§ **Work order**:
Exactly reproduce the lines of the listing below from the one containing "People playing mobile" through the one containing "Jason Duval lit". Skip the images.

§ **Data listing**:
= = = = =
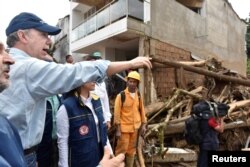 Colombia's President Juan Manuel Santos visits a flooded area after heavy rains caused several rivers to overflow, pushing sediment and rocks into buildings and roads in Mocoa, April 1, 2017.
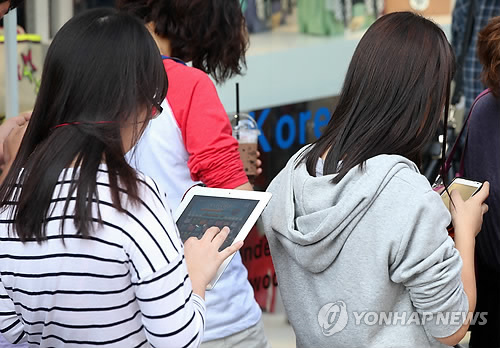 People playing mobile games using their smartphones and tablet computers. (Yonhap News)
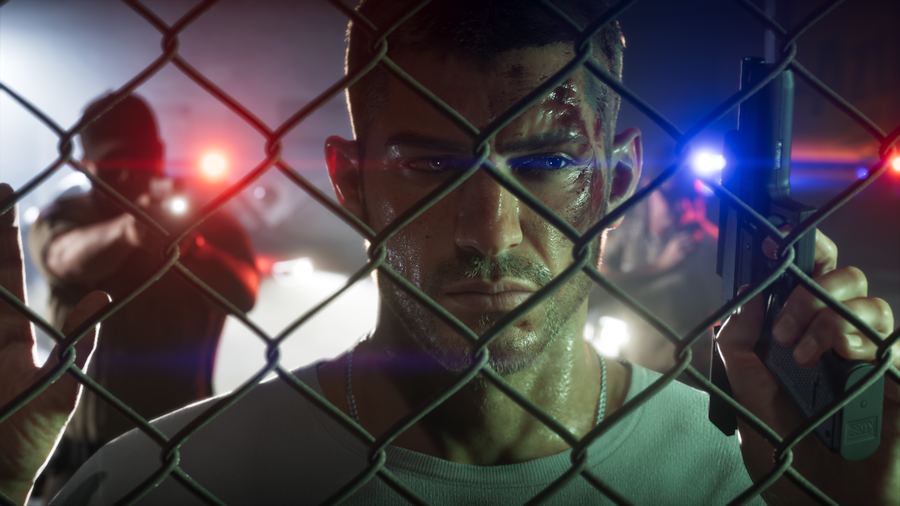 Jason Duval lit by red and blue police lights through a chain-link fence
= = = = =
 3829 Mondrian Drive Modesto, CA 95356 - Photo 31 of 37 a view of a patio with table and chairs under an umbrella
= = = = =
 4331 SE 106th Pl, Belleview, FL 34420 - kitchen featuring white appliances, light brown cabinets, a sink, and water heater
= = = = =
§ **Exercise solution**:
 People playing mobile games using their smartphones and tablet computers. (Yonhap News)
 Jason Duval lit by red and blue police lights through a chain-link fence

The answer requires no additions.